Elliott and Helen’s invitation to join them in Berlin in first year of the Ford Foundation’s DAAD program in 1963 was a determining point in my life: the handshake with Stravinsky there, was far less important to me than my beginning friendship with Frederic Rzewski, Yuji Takahashi, and Louie Andriessen. Above all this experience led to a lifelong friendship with Elliott and Helen and served not only as a periodic tea time appointment in NYC but as a form of extended family where we all traded stories about struggling with the 12 notes and the invisible international forces that thought to control them.

In 1983-4 I embarked on an adventurous project – Maritime Rites – sponsored by the NPR (National Public Radio) and co-produced by Melissa Gould. I planned to record every major maritime signal (bells, buoys, fog horns etc.) on the eastern seaboard of the USA. I also invited improvising performers to contribute “any sounds” to my piece – I invited Elliott and John Cage to contribute words only – and on my suggestion, just 5 monosyllabic words – which I integrated into my various soundscapes.

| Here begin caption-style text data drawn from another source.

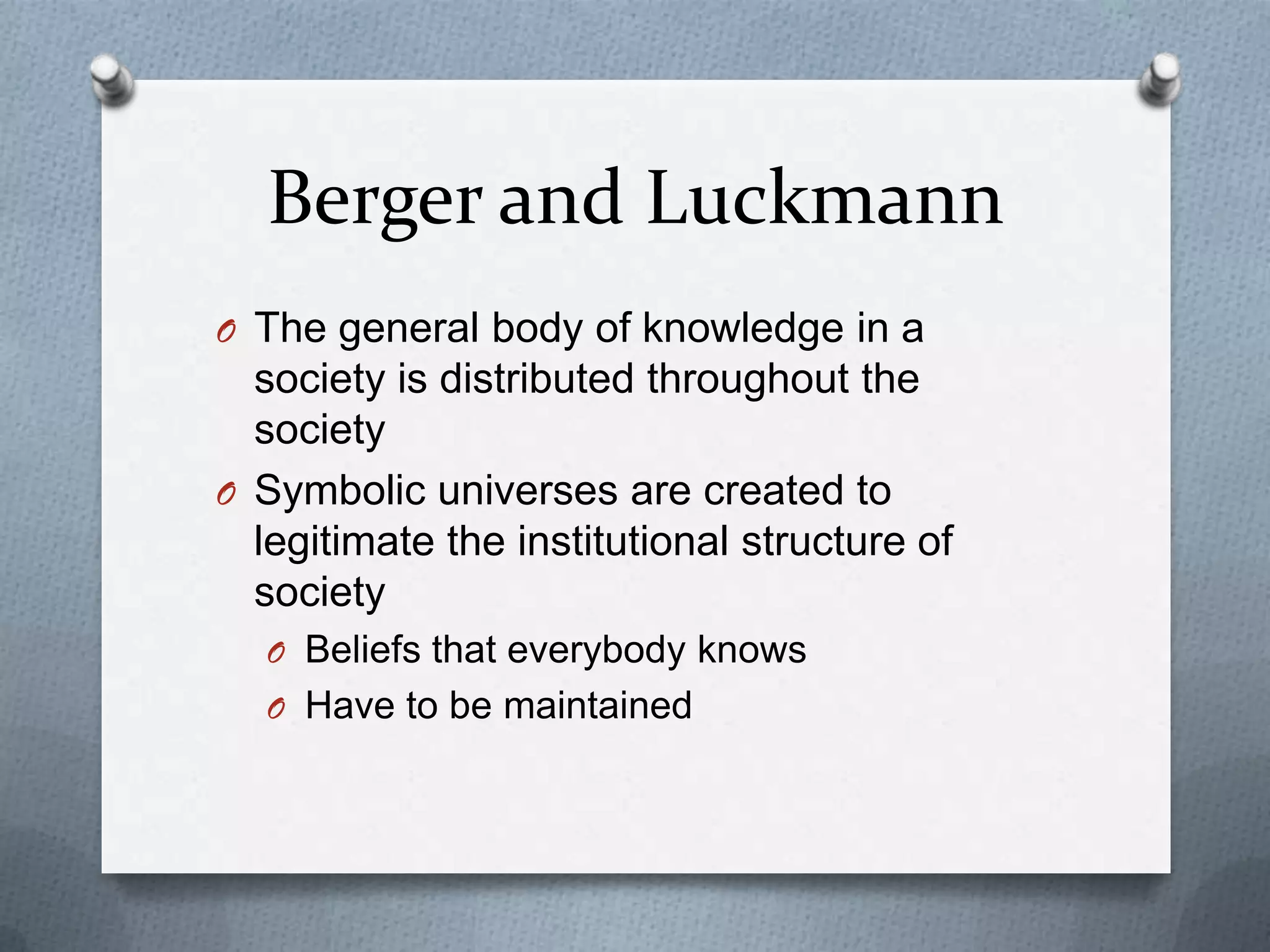 Berger and Luckmann
O The general body of knowledge in a
  society is distributed throughout the
  society
O Symbolic universes are created to
  legitimate the institutional structure of
  society
  O Beliefs that everybody knows
  O Have to be maintained
 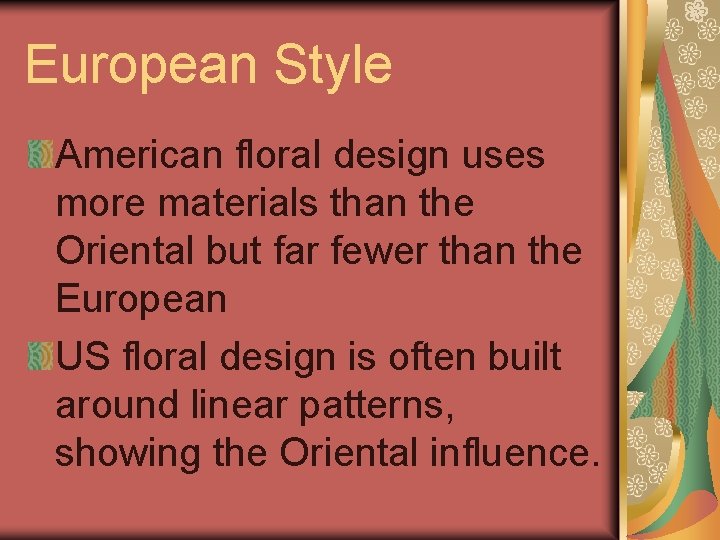 European Style American floral design uses more materials than the Oriental but far fewer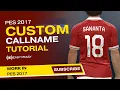 TUTORIAL!!! HOW TO MAKE CUSTOM CALLNAMES PES 2017 | CARA MEMBUAT CUSTOM CALLNAMES PES 2017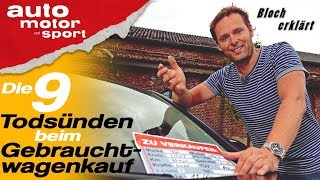 Die 9 Todsünden beim Gebrauchtwagenkauf  Bloch erklärt 43 auto motor und sport [upl. by Coppinger714]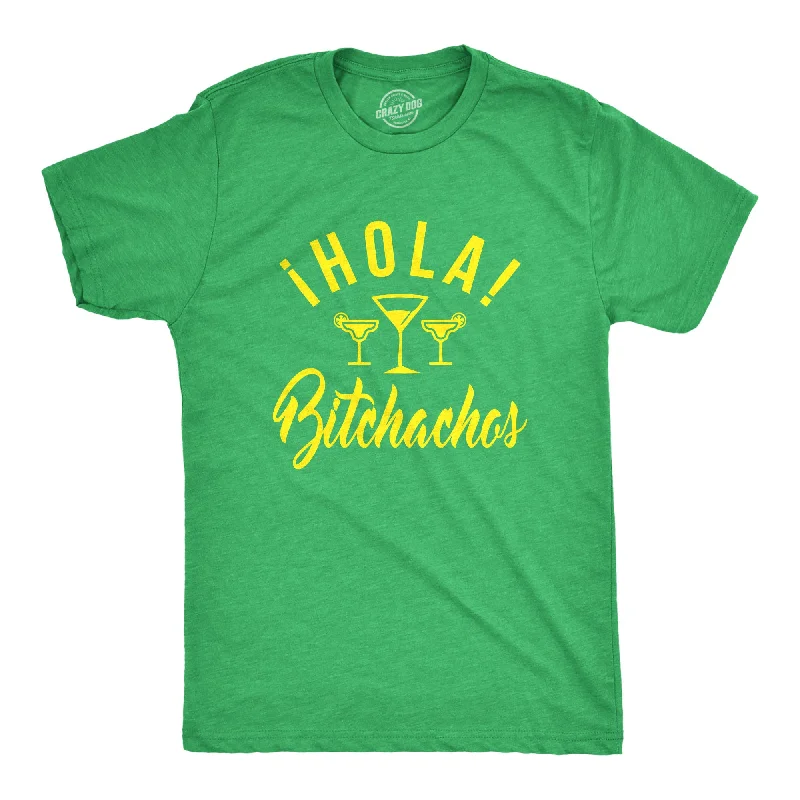 Hola Bitchachos Men's T Shirt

Elliott, in his impeccably devilish way, and gently poking fun at my own title, came up with the words: “write, right, right, rite, wright.” We know that during WWII Elliott was working for the US Government to code and encode languages… a skill he has since applied (directly and indirectly) to his own music with incredible imagination and sonic results.

My contribution here, in acknowledgement of his many gifts to me is to present a randomized smidgeon of anagrams of the 10,000 generated in a few seconds by www.arrak.fi/ anagram machine using the words: ELLIOTT COOK CARTER

Elliott surely would have delighted in the results hidden in his name, which unmask even more poetry around his inspiring figure.